# [Given entries]
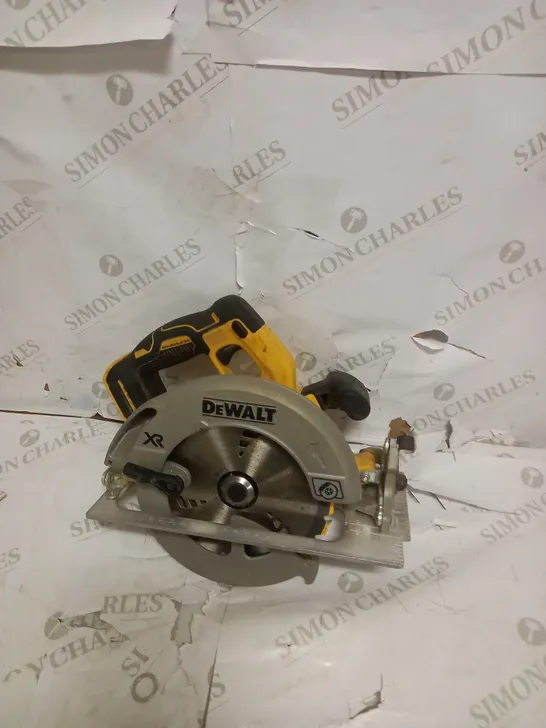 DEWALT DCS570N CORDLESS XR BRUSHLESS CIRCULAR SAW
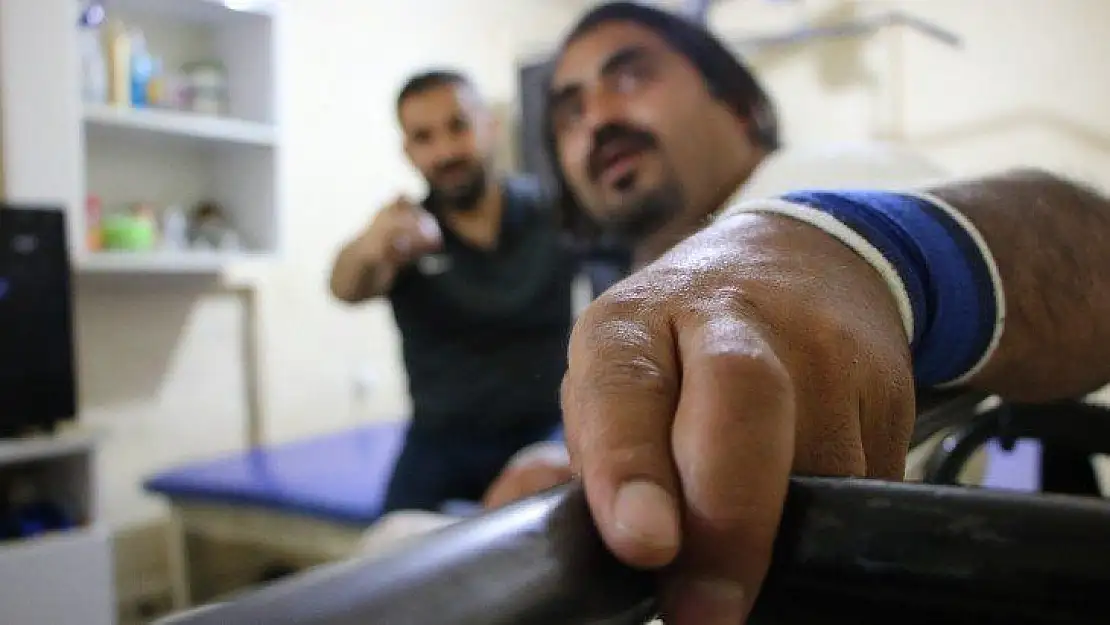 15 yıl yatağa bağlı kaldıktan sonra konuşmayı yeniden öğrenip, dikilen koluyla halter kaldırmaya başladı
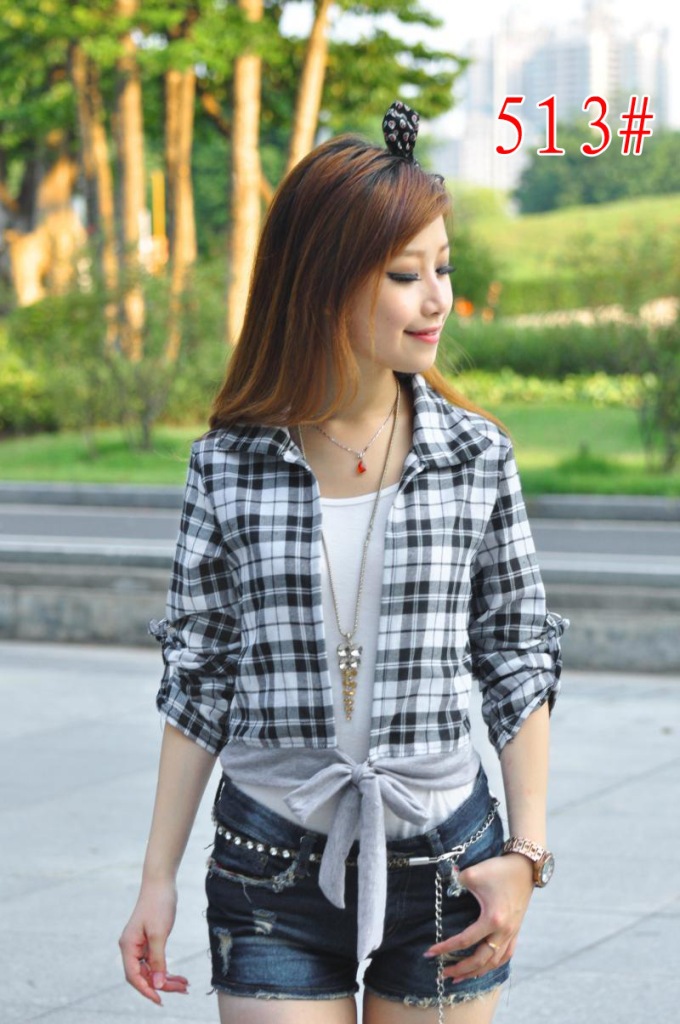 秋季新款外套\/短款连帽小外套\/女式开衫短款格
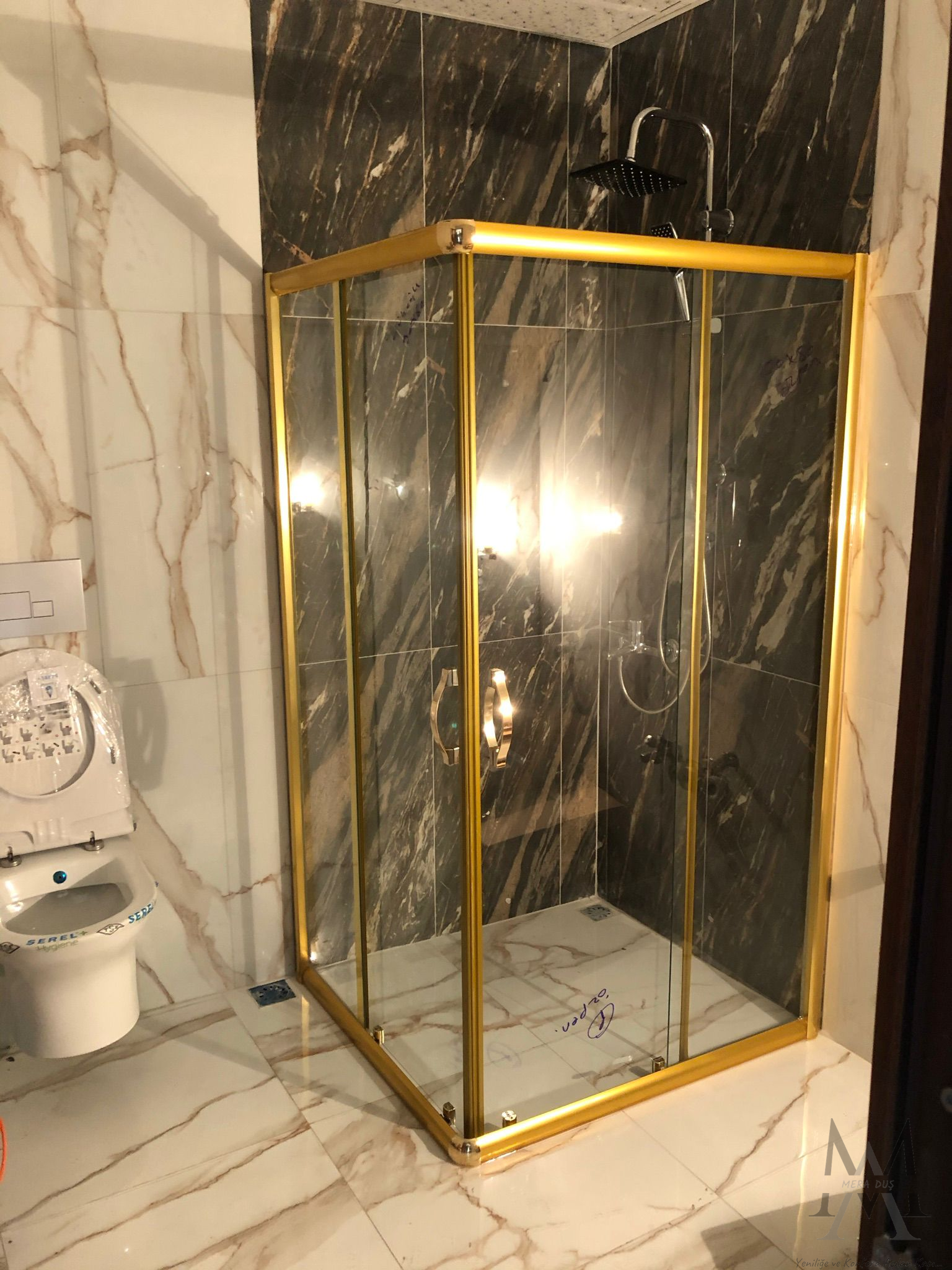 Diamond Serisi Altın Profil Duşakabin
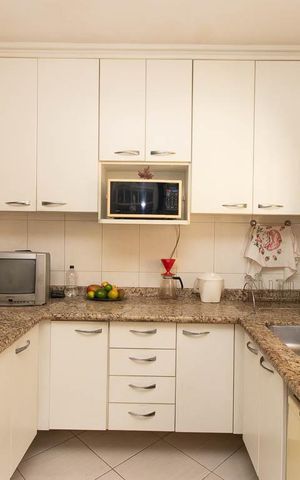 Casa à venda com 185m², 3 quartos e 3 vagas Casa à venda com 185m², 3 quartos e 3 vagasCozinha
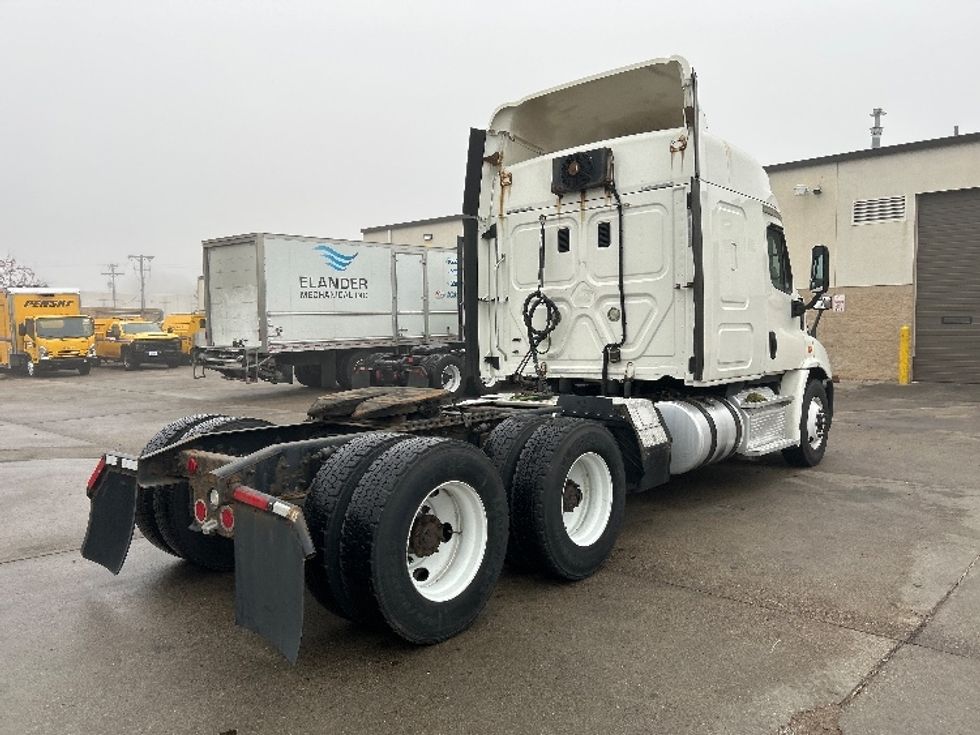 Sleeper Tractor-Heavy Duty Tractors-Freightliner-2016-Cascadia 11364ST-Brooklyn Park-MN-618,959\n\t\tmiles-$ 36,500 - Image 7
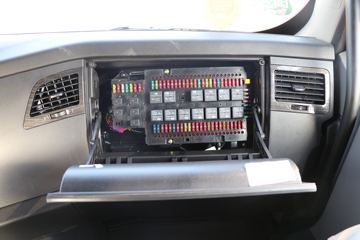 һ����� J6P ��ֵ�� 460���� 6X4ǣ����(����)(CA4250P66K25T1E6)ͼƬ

# [Exercise directions]
Set down exactly and only the lines from the start of the entries above through the line containing "Casa à venda com 185m², 3 quartos e 3 vagas Casa", both ends included, omitting the pictures.

# [Response for this exercise]
 DEWALT DCS570N CORDLESS XR BRUSHLESS CIRCULAR SAW
 15 yıl yatağa bağlı kaldıktan sonra konuşmayı yeniden öğrenip, dikilen koluyla halter kaldırmaya başladı
 秋季新款外套\/短款连帽小外套\/女式开衫短款格
 Diamond Serisi Altın Profil Duşakabin
 Casa à venda com 185m², 3 quartos e 3 vagas Casa à venda com 185m², 3 quartos e 3 vagasCozinha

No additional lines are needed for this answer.